The startling news of the lack of faith in the Real Presence of Christ in the Eucharist in about 69% of Catholics today should come as no surprise to those familiar with the messages and missions of St. Faustina Kowalska and Dorothy O’Neill Weimar, both of the twentieth century, one in Poland and the other in the United States.
St. Faustina is well known because her diary has been translated into many languages and her message of devotion to Divine Mercy has been instilled in the hearts of many through the Feast of Divine Mercy, the image of The Divine Mercy, the special chaplet, the daily three-o’clock observance, and the novena requested by Jesus.
On the other hand, Dorothy O’Neill Weimar is hardly known because her Marian and Eucharistic message and mission were revealed in the midst of the theological and moral mayhem following Vatican II. The relevancy of her graces should become apparent, as we must now face the statistical facts.
St. Paul clearly defines the problem in 1 Corinthians 11:27–30, where he speaks of the unworthy reception of Real Presence of Christ in the Eucharist. He describes succinctly the effects of a deficient faith in the Eucharist: “That is why many of you are weak and ill, and some have died”; that is, spiritually, from this lack of Eucharistic faith.
St. Faustina’s Message about the Mass
St. Faustina herself made important entries in her diary concerning the Eucharist of the Last Supper, the first Mass.

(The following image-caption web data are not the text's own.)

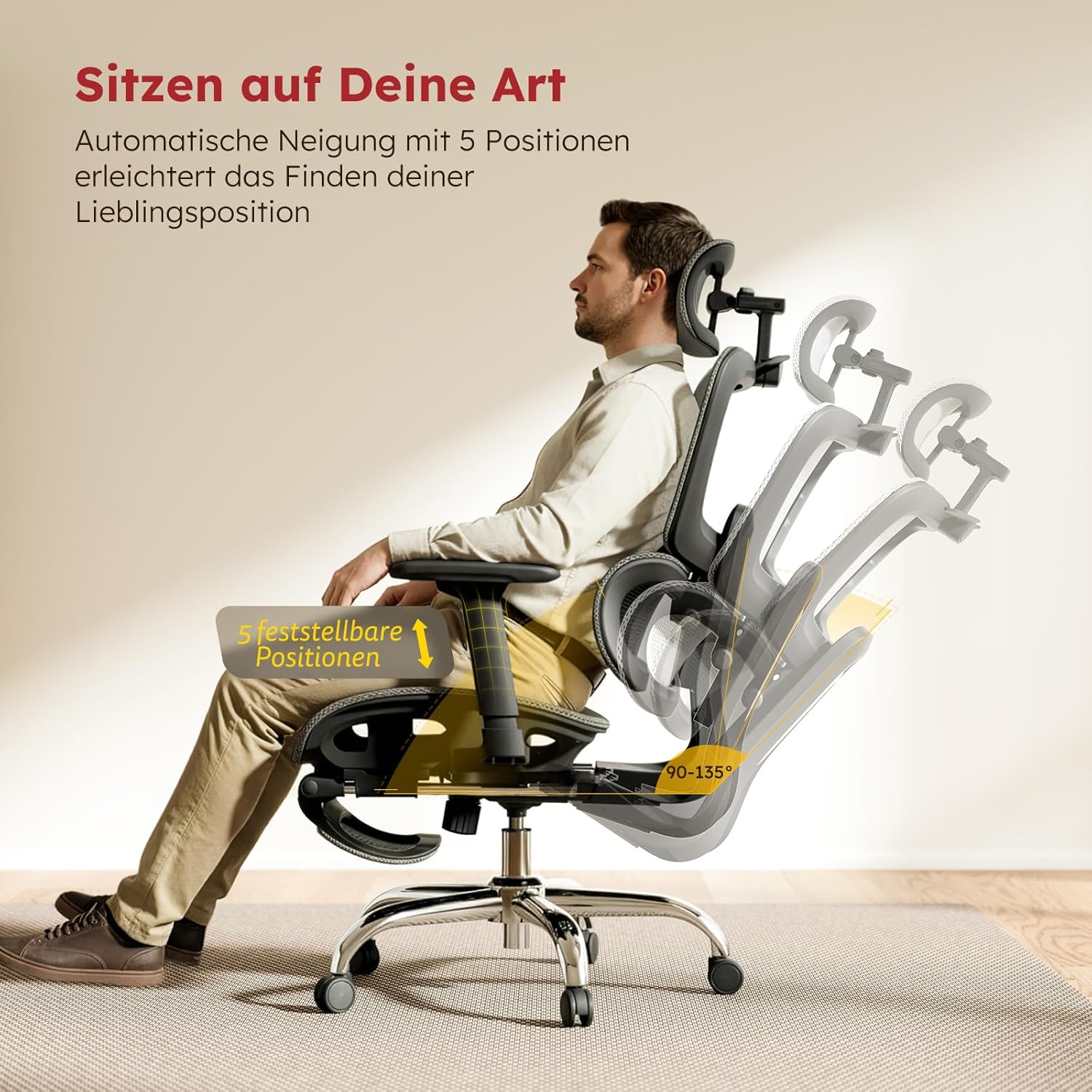 Ergonomischer Bürostuhl aus Vollnetz mit abnehmbarem Kissen, Fußstütze, höhenverstellbarer Rückenlehne, Kopfstütze und Armlehnen, selbsteinstellender Lordosenstütze, PU-Rädern, 360° drehbar, 150 kg, Dunkelgrau – Bild 7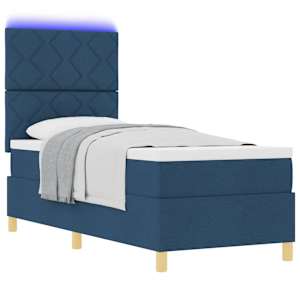 LED box pružinová postel s matrací Modrá 80 x 200 cm textil - obrázek 3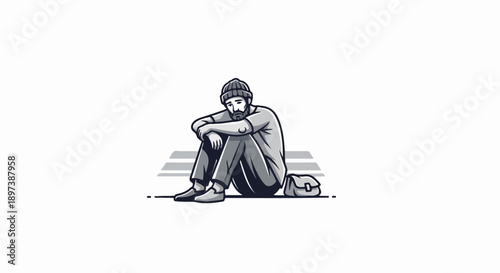 Monochromatic illustration of a sad bearded man in a beanie, sitting alone on the ground with a bag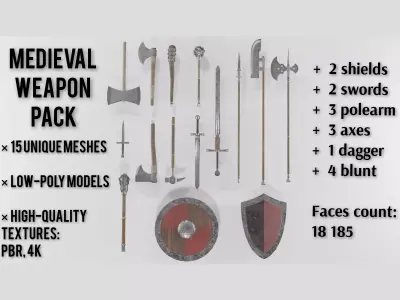 Medieval melee weapon pack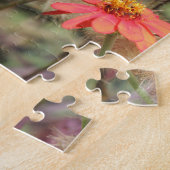 Puzzle Fritillaire du Golfe sur Zinnia (Côté)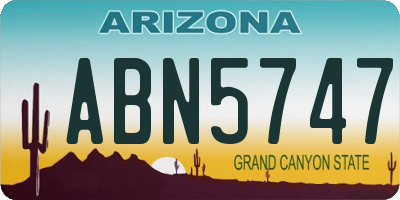 AZ license plate ABN5747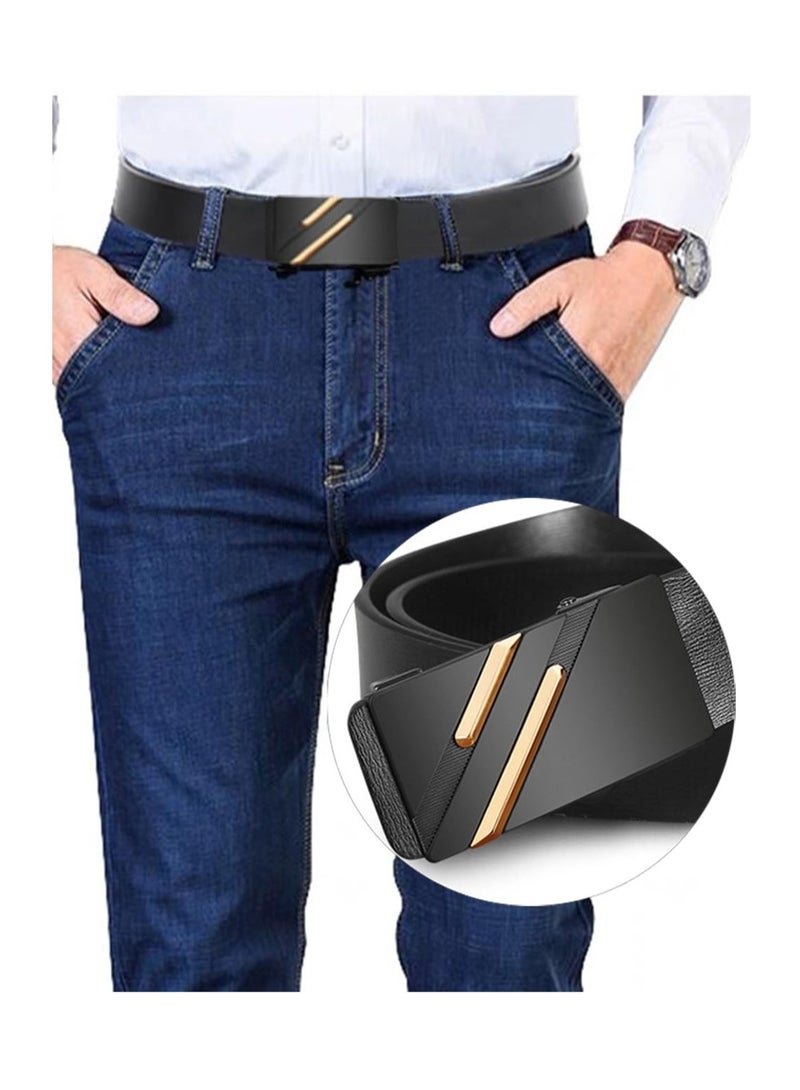 Mens Belt, Black Leather Sliding Ratchet Belt Dress Casual for Jeans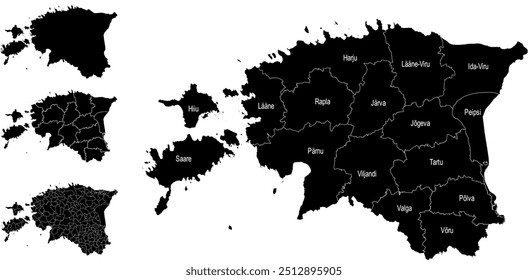ESTONIA MAP with its administrative divisions and regions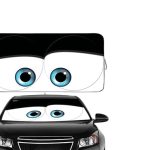 Gven Windshield Sun Shade, Car Sun Shade for Front Window Funny Car Eyes Sunshades Sun Visor Protector Blocks UV Rays Foldable 210T Keep Your Vehicle (Eyes-Black, S + Sunflower, S) - Aries Car Ornament for men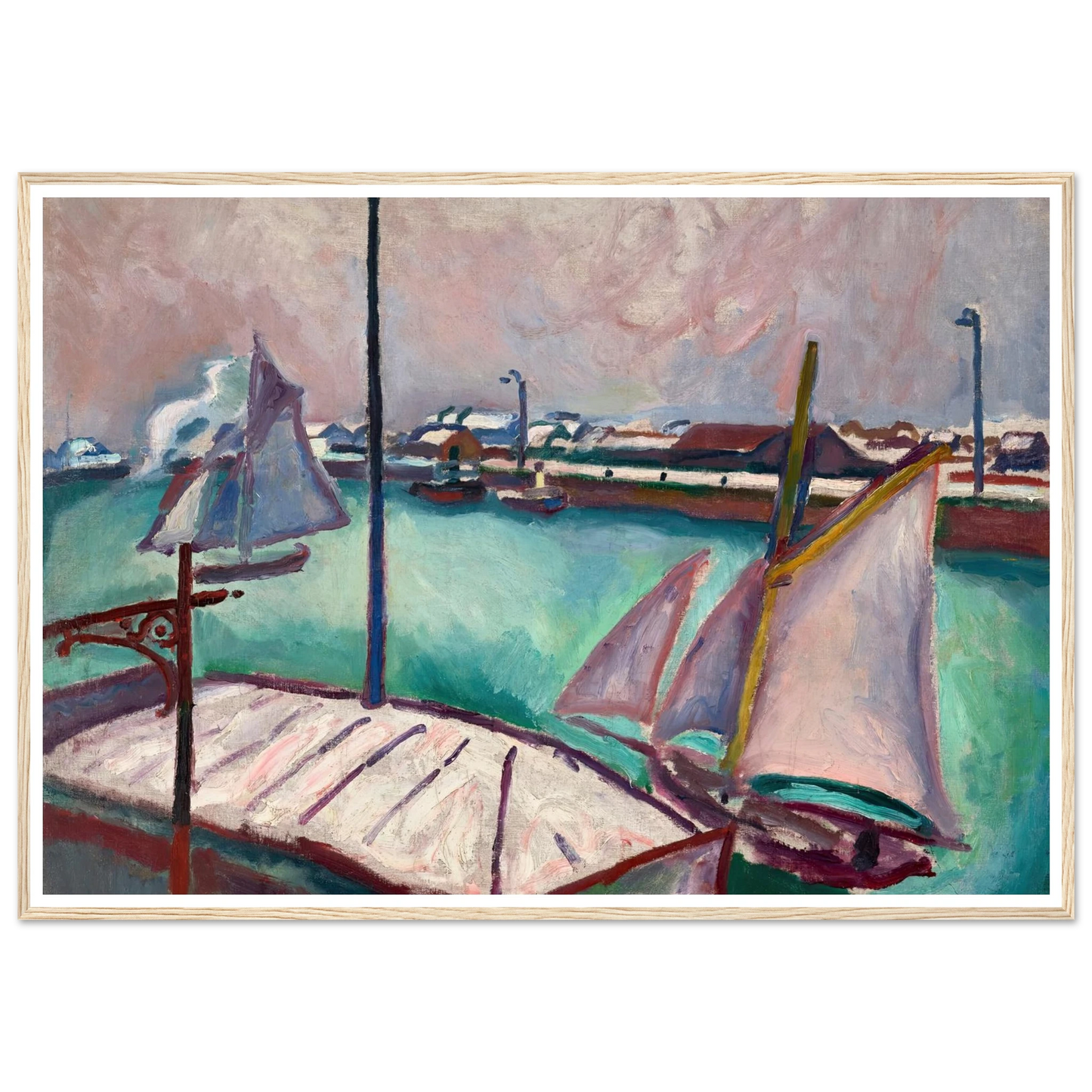 Les Barques (1906) Art Print | Raoul Dufy - Framed Poster - 30x40 cm / 12x16″ - Black frame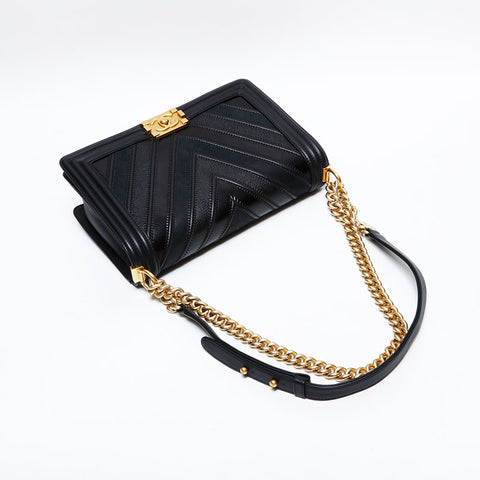 シャネル CHANEL 22番台 2016-2017 ボーイ シェブロン ショルダーバッグ ブラック WS22767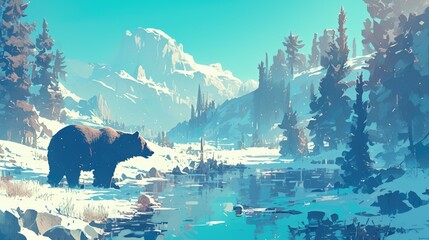 A majestic grizzly bear strolls through a picturesque pine forest dusted with snow in this stunning North inspired 2d illustration of wildlife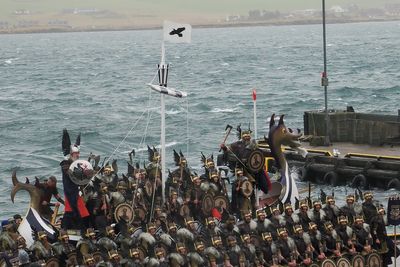 Up Helly Aa the galley at the harbour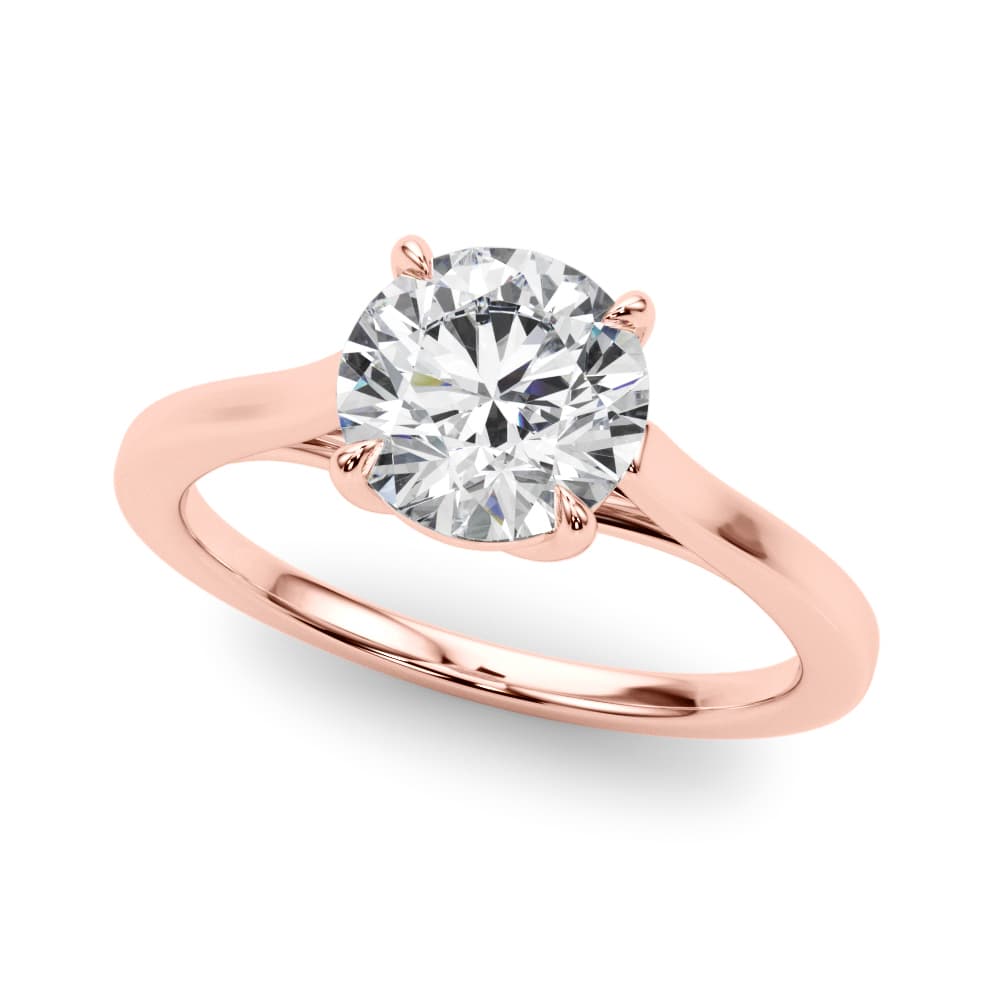 Solitaire Trellis Engagement Ring, style 85075, Front view in rose gold
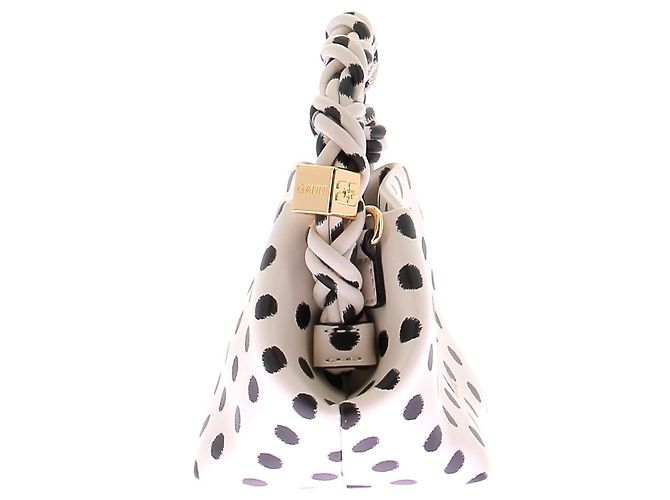 Ganni Borsa piccola Bou crema a pois - vista 4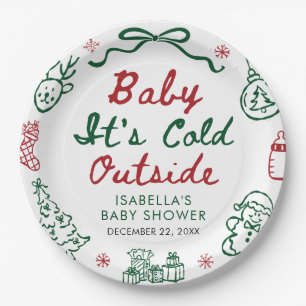 Handgezeichnete rote Baby-It's-Cold-Outside-Baby-P Pappteller
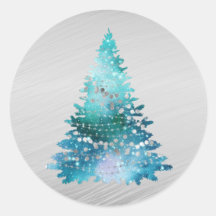 Trendy Aquamarin Silver Glitzer Tree Weihnachten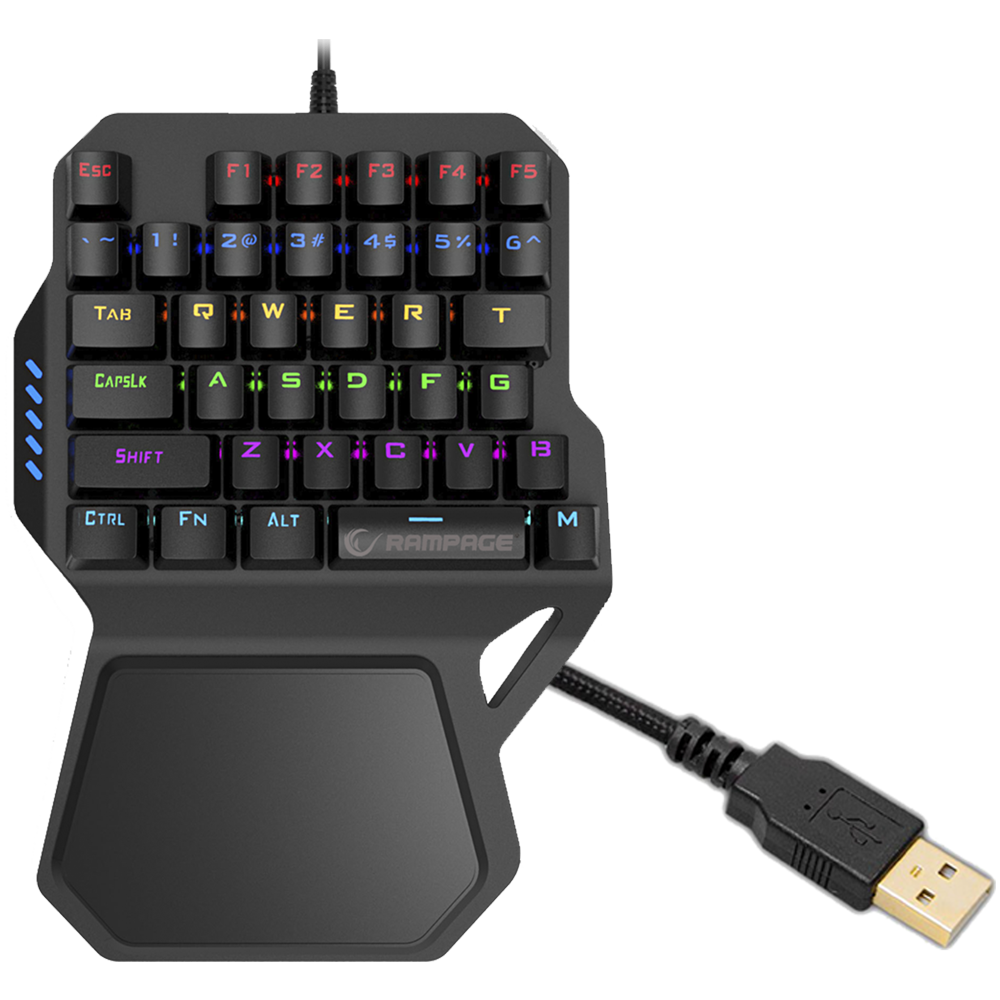 KB-R77 PALM USB Rainbow Backlight Outemu Blue Switch Mekanik 36 Tuşlu Mini Gaming Oyuncu Klavyesi - Rampage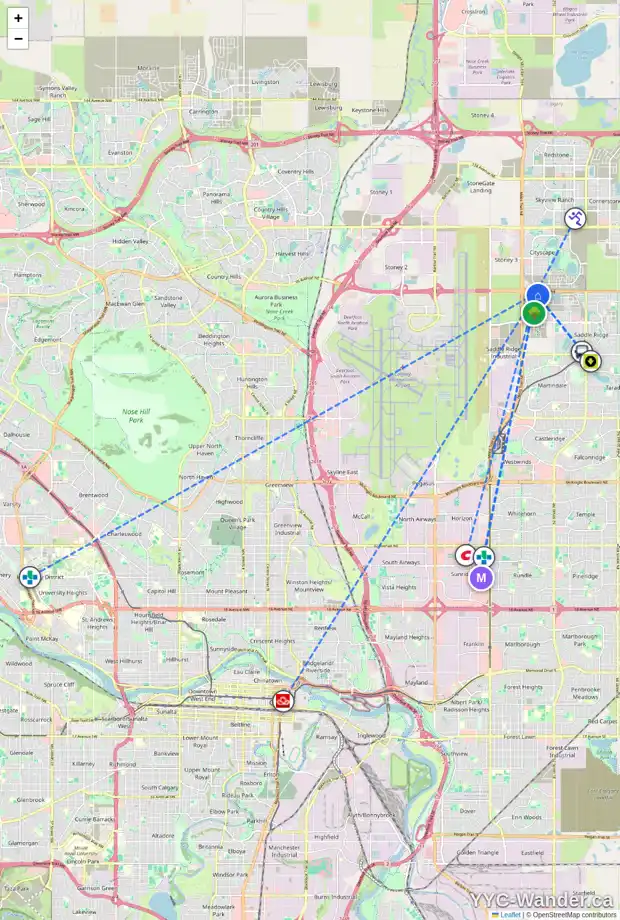 Daily accessibility map for 319 SAVANNA WY NE, Calgary showing nearby schools, grocery stores, parks, LRT stations and nearby amenities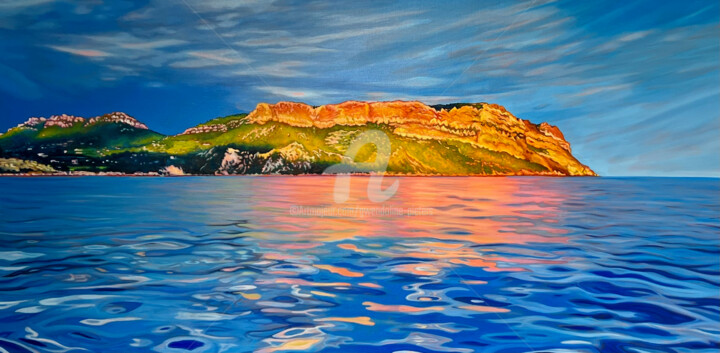 Peinture intitulée "Le Cap Canaille et…" par Gwendoline Pieters, Œuvre d'art originale, Huile Monté sur artwork_cat.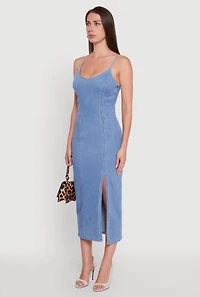 Womens Denim Pintuck Scoop Neck Side Slit Dress, Blue,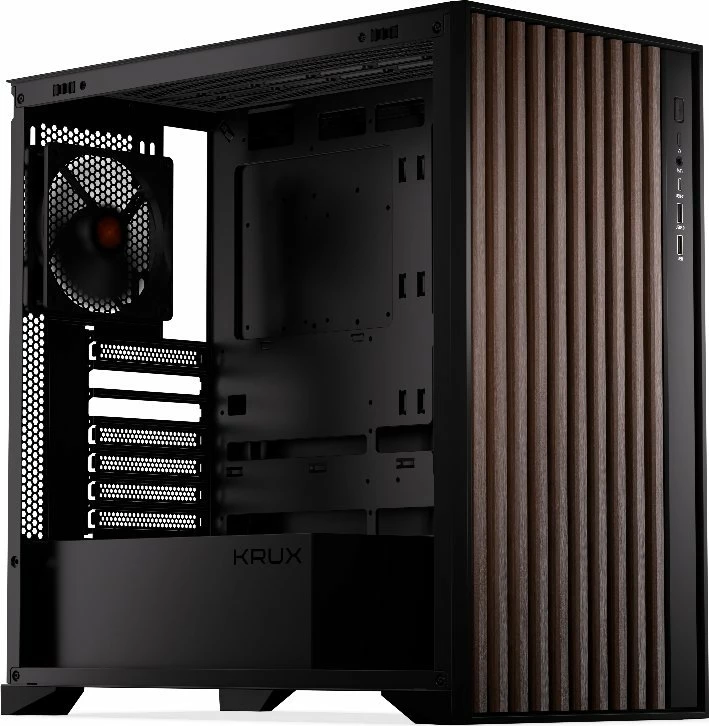 Kasë Krux Palum KRXD008 Midi Tower ATX/Micro-ATX/Mini-ITX, USB-C, 2x120mm fans, pa PSU, zezë/kafe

During this hour of prayer, Jesus allowed me to enter the Cenacle, and I was a witness to what happened there. However, I was most deeply moved when, before the Consecration, Jesus raised His eyes to heaven and entered into a mysterious conversation with His Father. It is only in eternity that we shall really understand that moment. His eyes were like two flames; His face was radiant, white as snow; His whole personage full of majesty, His soul full of longing. At the moment of Consecration, love rested satiated — the sacrifice fully consummated. Now only the external ceremony of death will be carried out — external destruction; the essence [of it] is in the Cenacle. Never in my whole life had I understood this mystery so profoundly as during that Hour of Adoration. Oh, how ardently I desire that the whole world would come to know this unfathomable mystery! (684)
Faustina added elsewhere:
Oh, what awesome mysteries take place during Mass! A great mystery is accomplished in the Holy Mass. With what great devotion should we listen to and take part in this death of Jesus. One day we will know what God is doing for us in each Mass, and what sort of gift He is preparing in it for us. Only His divine love could permit that such a gift be provided for us. O Jesus, my Jesus, with what great pain is my soul pierced when I see this fountain of life gushing forth with such sweetness and power for each soul. While at the same time I see souls withering away and drying up through their own fault. O Jesus, grant that the power of mercy embrace these souls. (914)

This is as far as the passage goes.